- Several high-profile investors in Theranos lost more than $600 million, the Wall Street Journal reported Friday.
- The founders of Walmart and Education Secretary Betsy DeVos were among those to lose more than $100 million.
- The start-up's valuation tanked after an investigation by the Journal revealed Theranos was unable to develop the commercially-ready portable blood analyzer it promised investors.
Documents unsealed in a lawsuit brought against Theranos reveal a number of the high profile investors who had a stake in the nearly worthless start-up: The Waltons, founders of Walmart, with $150 million; Rupert Murdoch, with $125 million; and the DeVos family, including Education Secretary Betsy DeVos, with $100 million. The investments were made between 2013 and 2015, according to the Journal.

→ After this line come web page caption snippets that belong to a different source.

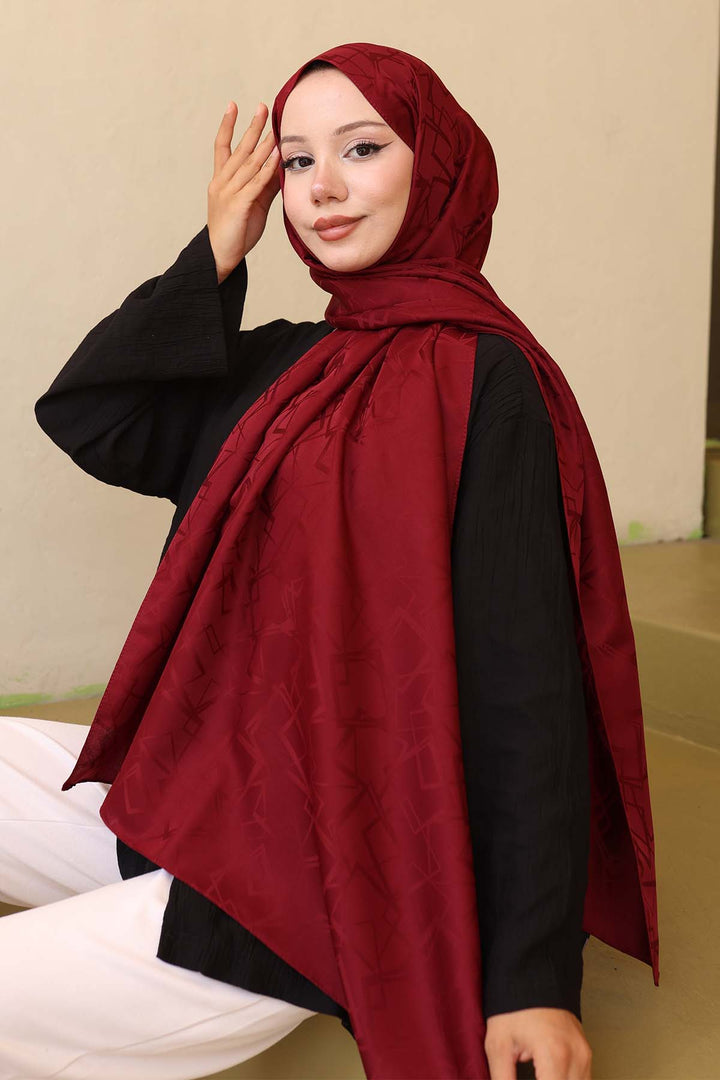 BNG Women Patterned Jacquard Shawl Burgundy İpk110 - Finglas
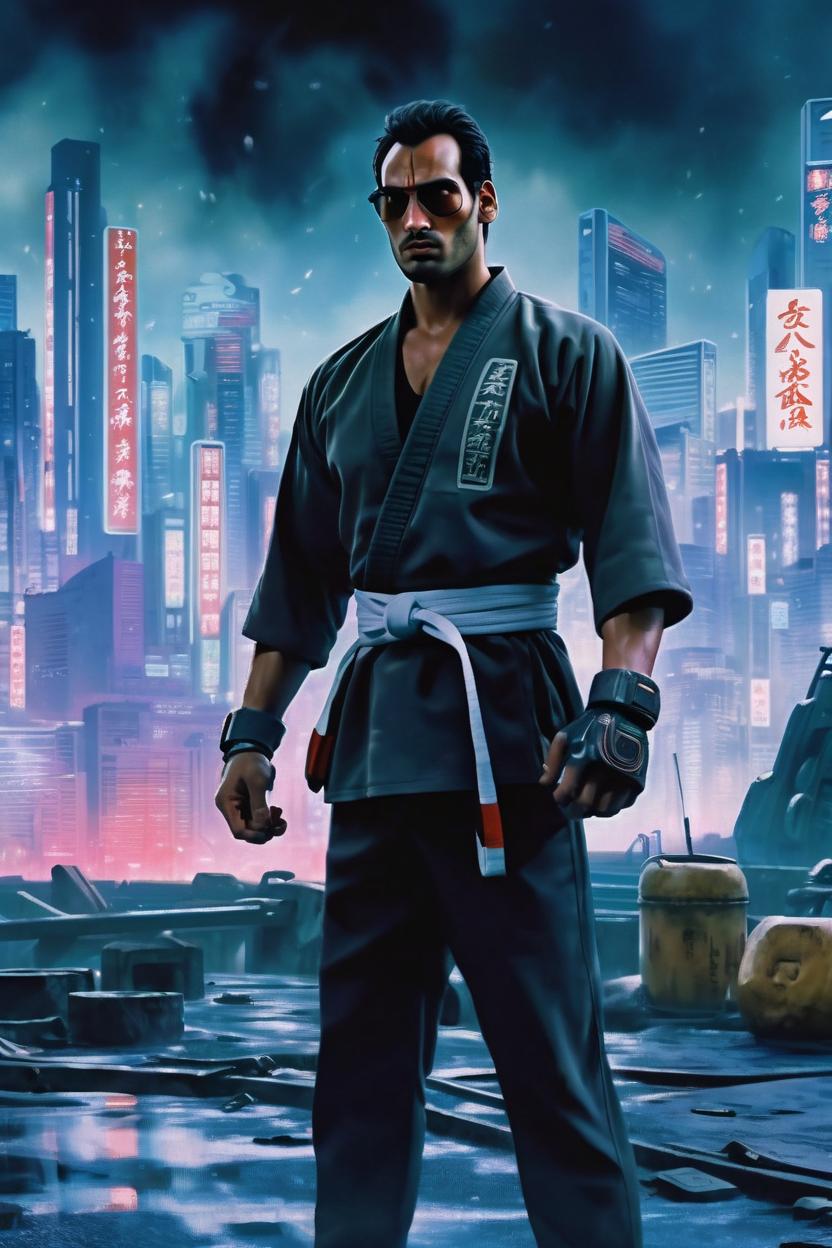 Artificial Intelligence (AI) generated image art, man, (ghost in the shell 1995 anime film), portrait, scifi city landscape, martial artist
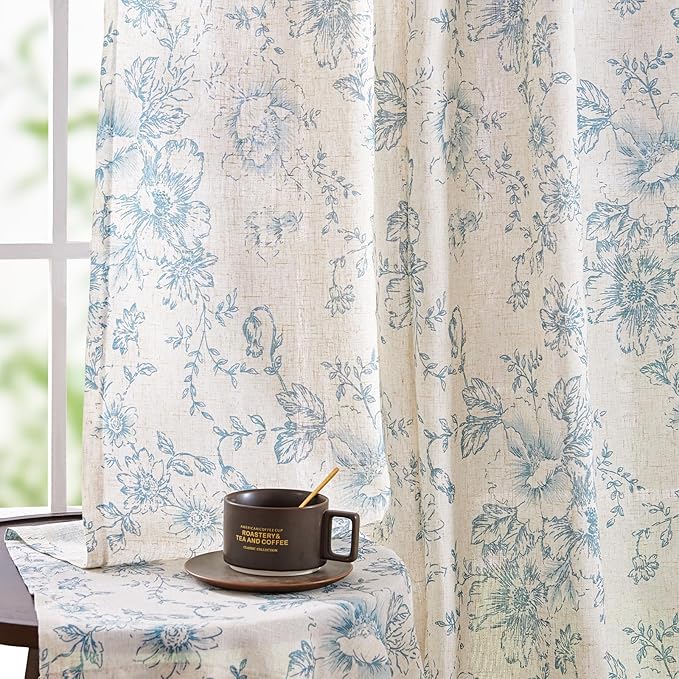 jinchan Linen Blend Curtain Floral Curtains - Image 5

While Theranos is fighting the lawsuit brought by banker Robert Colman, the company's founder Elizabeth Holmes is laying off the remaining Theranos workforce. She wrote in an April 10 email to shareholders that the company may be liquidated by August, according to the WSJ.
Holmes settled fraud allegations made by the Securities and Exchange Commission in March, agreeing to pay a $500,000 fine, give back a large portion of her Theranos shares and be barred from acting as a public company's officer or director for a decade.
The start-up made it appear as if Theranos has successfully developed a commercially-ready portable blood analyzer. In reality, the technology could only perform a small number of tests advertised.
The company had about 800 employees as recently as 2015. An investigation by The Wall Street Journal exposed Theranos' efforts to mislead investors and the public about its technology. The most recent layoff brought the head count of the failing company down to two dozen or less.